[[ DATA SECTION open ]]
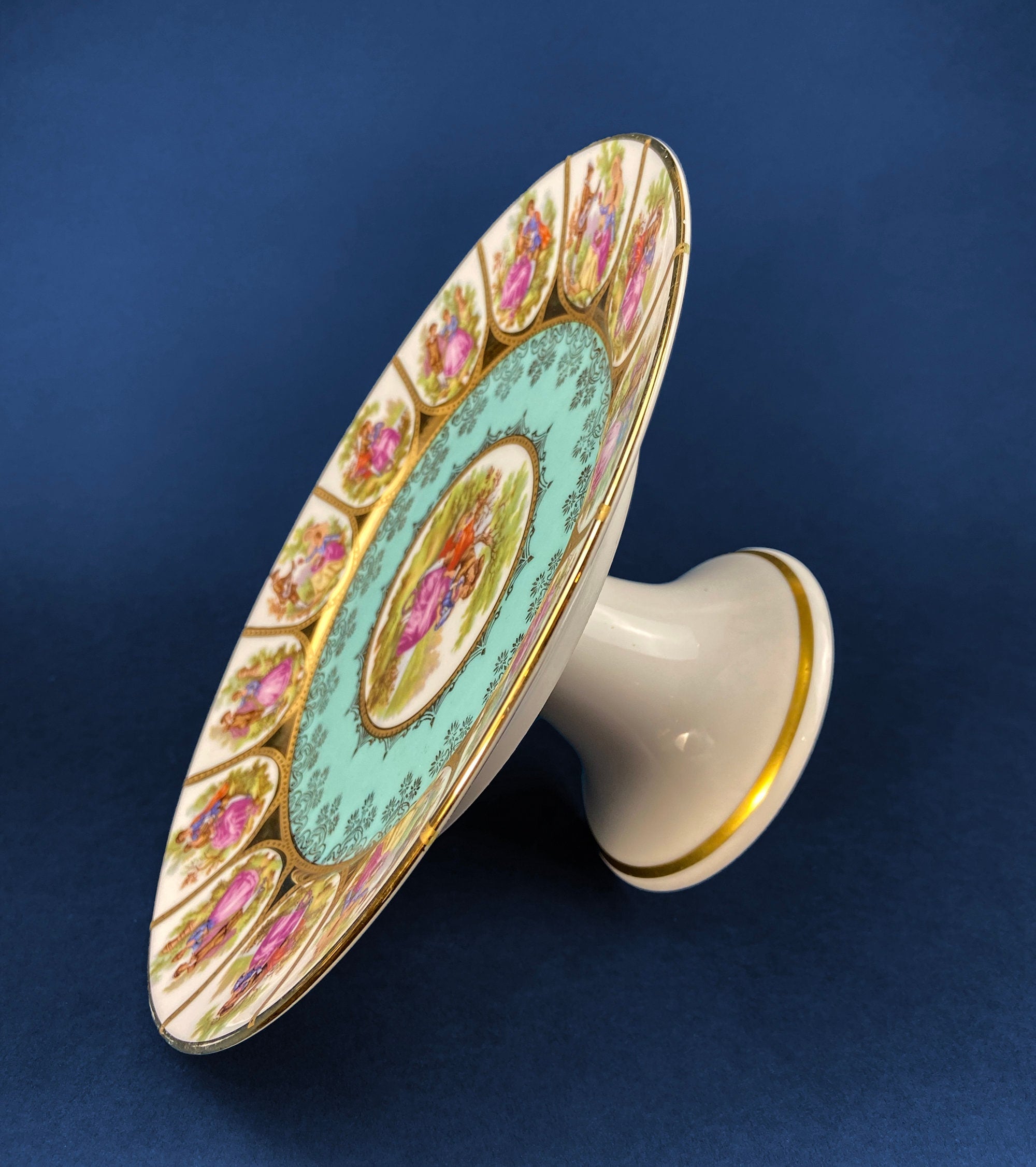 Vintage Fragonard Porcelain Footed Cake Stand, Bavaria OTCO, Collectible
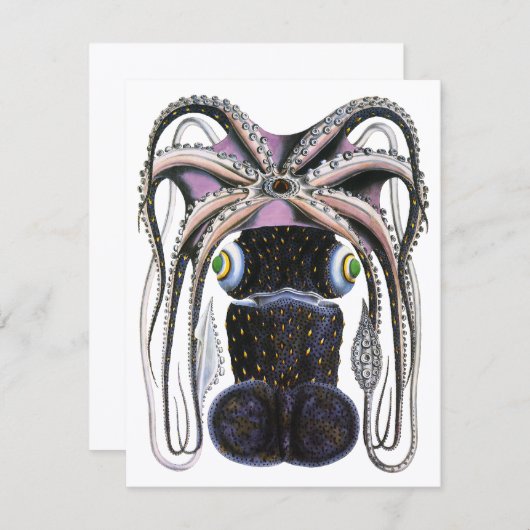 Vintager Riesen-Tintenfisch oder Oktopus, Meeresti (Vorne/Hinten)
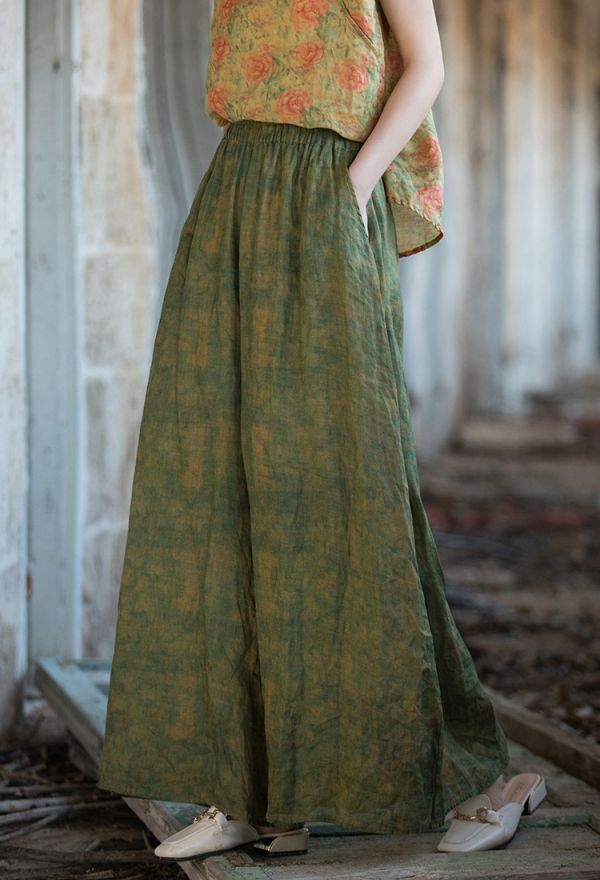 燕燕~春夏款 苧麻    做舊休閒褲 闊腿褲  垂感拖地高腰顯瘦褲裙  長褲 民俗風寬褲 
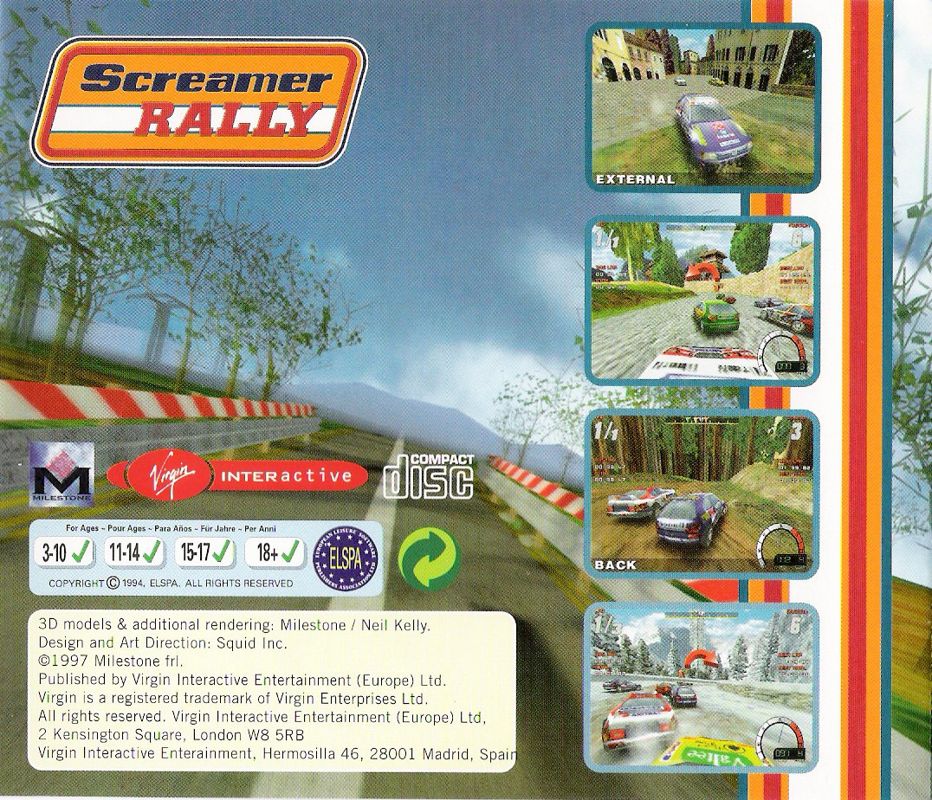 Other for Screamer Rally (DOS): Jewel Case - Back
[[ DATA SECTION closed ]]
_ASSIGNED TASK_:
Give back all of the material exactly, though without the images it contains.

_ANSWER FOR THE TASK_:
 Vintage Fragonard Porcelain Footed Cake Stand, Bavaria OTCO, Collectible
 Vintager Riesen-Tintenfisch oder Oktopus, Meeresti (Vorne/Hinten)
 燕燕~春夏款 苧麻    做舊休閒褲 闊腿褲  垂感拖地高腰顯瘦褲裙  長褲 民俗風寬褲 
 Other for Screamer Rally (DOS): Jewel Case - Back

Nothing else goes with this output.